Western Tour Report, Day 1 -- REALLY! AGAIN!
The grass is green in South Dakota and the cows are happy. (Translation... there's been plenty of water in South Dakota to provide plenty of grass for the cows... and when there's plenty of water for the pastures, there's usually plenty of water for the corn and soybean crops.)
Okay... I'll admit. That's exactly how I started the report for Day 1 of the western leg of the Crop Tour last year. But, when one observation tells the story... keep telling it until it's wrong.
But this year is different than year ago in the Jackrabbit state... no doubt about that. We saw a very good South Dakota corn crop and we saw a bean crop with excellent potential. Still, there are some problems that will make it extremely difficult to put final numbers on the state at the end of the week.
Let's start with corn. We wrapped up South Dakota with 52 samples... 5 more than we took a year ago. The average yield in the state was 143.59 bu. per acre, down 2.29% from last year. USDA on Aug. 1 estimated the state at 148 bu. per acre, down 2% from 2009. Based on those percentage changes, I'd say we were looking at exactly the same crop that USDA was looking at on Aug. 1. That's because on Aug. 1, the corn crop in South Dakota might have had a tad bit more yield potential. We saw some tip-back on ears... but not much.

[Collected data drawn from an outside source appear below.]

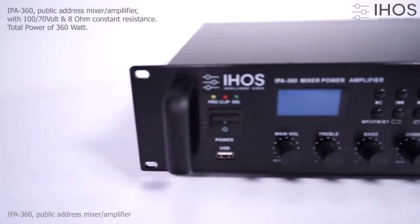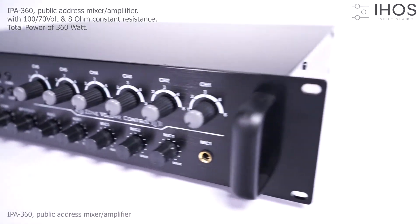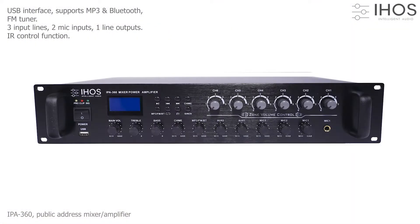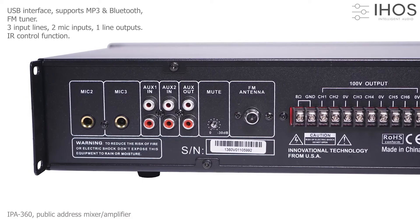IPA 360 by iHose: 6-Zone Public Address Amplifier with 360 Watt maximum output power. Provides USB interface, MP3 and Bluetooth support, FM tuner, 3 line and 2 microphone inputs, as well as 1 line output and IR control.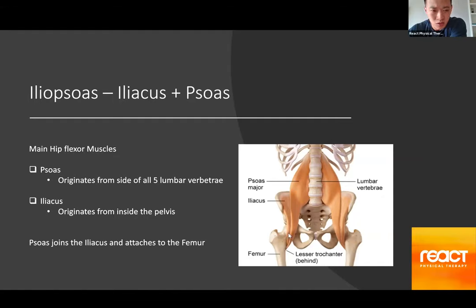The psoas comes out to the side after coming off the spine and meets with the iliacus, which originates from the inside of the pelvis. Those two muscles come down together in front of the hip and attach to what we call the lesser trochanter on the femur. When these muscles are shortened or contracted, they pull the femur up towards the trunk, or if you're standing stationary, they pull your trunk down forward into a forward bending motion.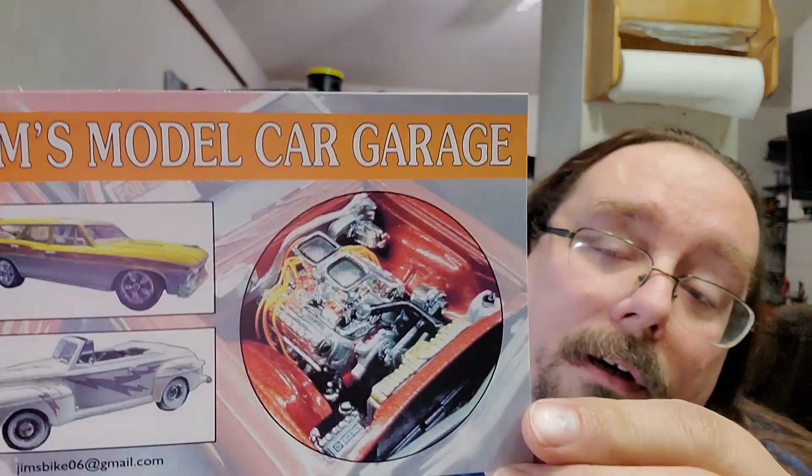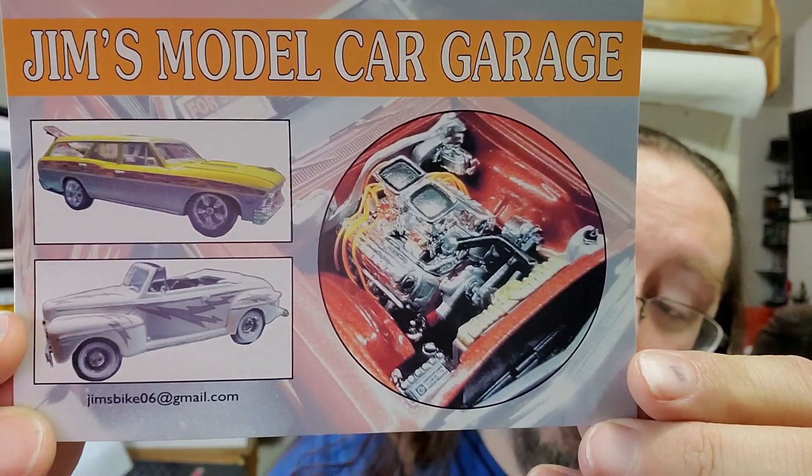Hey guys, Justin here with J. Hart Model Works, coming to you with something we haven't done in quite a while — it's a shop card shout out! It's been a while since I've gotten any shop cards from anybody, but Jim from Jim's Model Car Garage gave me his shop card right there. It's a very cool shop card.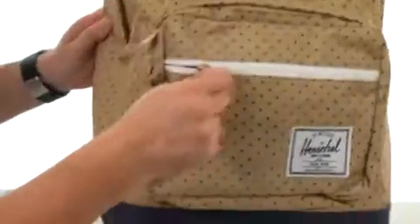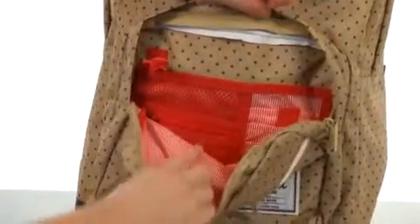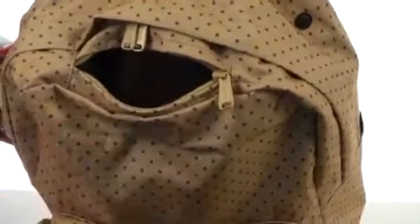You're going to get convenient storage with the zipper pocket right here on the front, as well as this little organizational pocket. You can see there are plenty of spots for your accessories — a little clip would be perfect for your keys. And we have a brushed lining pocket here at the top, perfect for those items you don't want to get scratched up.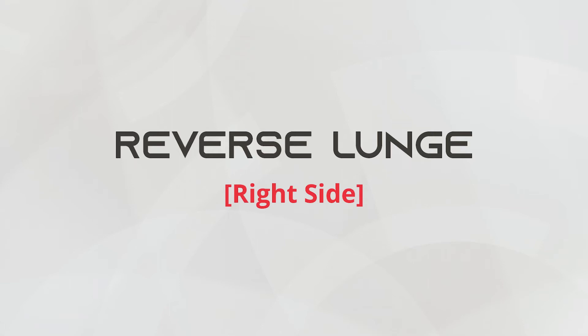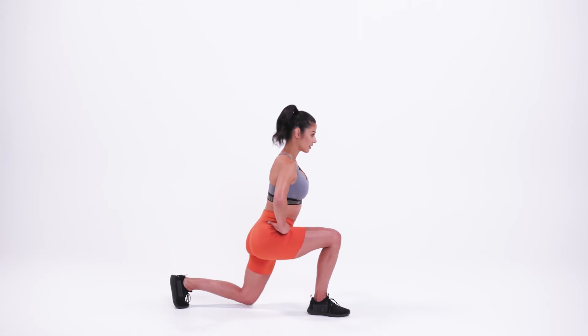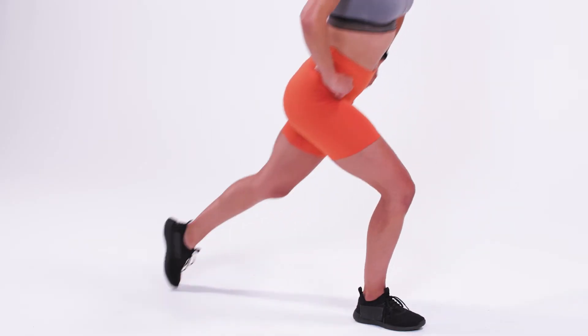This is the reverse lunge, right side. Start by dropping your left leg behind you and lower to the floor, keeping your lower back flat and both knees at 90 degrees.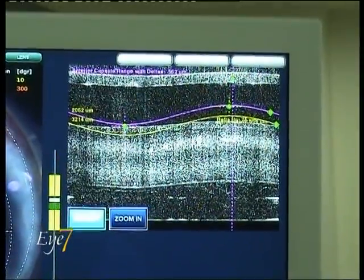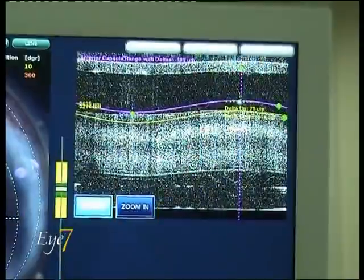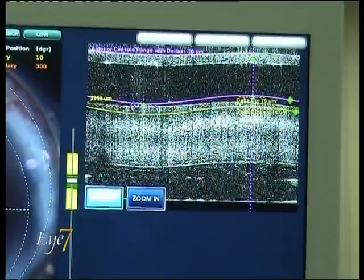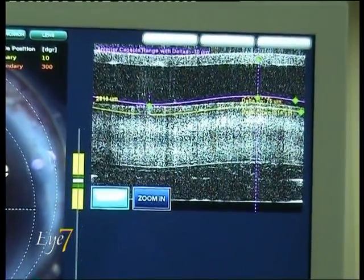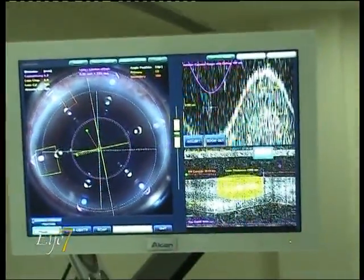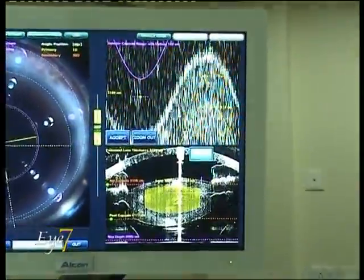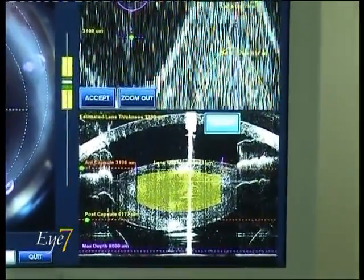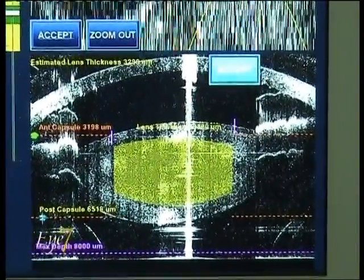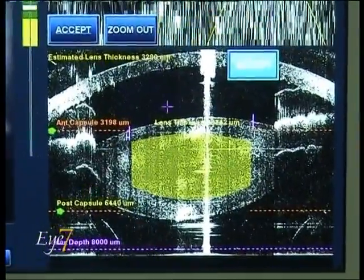There are two lines which you see here — the purple line and the yellow line — and the laser will cut between these two lines, so we place them in such a position that they are in front and back of the anterior capsule. We accept the data and move to the nucleus. We have to cut the nucleus as deep as possible, but we must maintain at least 800 microns safety zone from the posterior capsule.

The big "drag" on corn yield came in the total number of ears in 60 foot of row. We wrapped up with 80.79 ears in 60 foot, down 2.4% from year-ago. With the trend toward higher planting rates across the Corn Belt, it's a bit surprising to see a lower-than-year-ago ear count. But, there are a couple of factors at work that probably impacted ear populations. First, the crop was planted early. While the soil worked great for the early planted corn, the soil temp might have been a bit cold on the earliest-planted corn and some of the seed might have sat in the soil for too long. Second, freezing temps hit the upper Midwest May 9-10. Some corn was emerged by then and it's not hard to imagine losing 1% of the plants to frost damage on those fields.
Grain length was excellent at 6.79 inches. Kernel rows around the ear was really good at 15.8. And the row space dropped slightly from year-ago to 30.42 inches as growers continue to update equipment.
Now... let's keep this year's results in perspective. We found an average yield 2.3% below last year's RECORD yield. That's like hitting back-to-back home runs... it's a really (REALLY) good crop.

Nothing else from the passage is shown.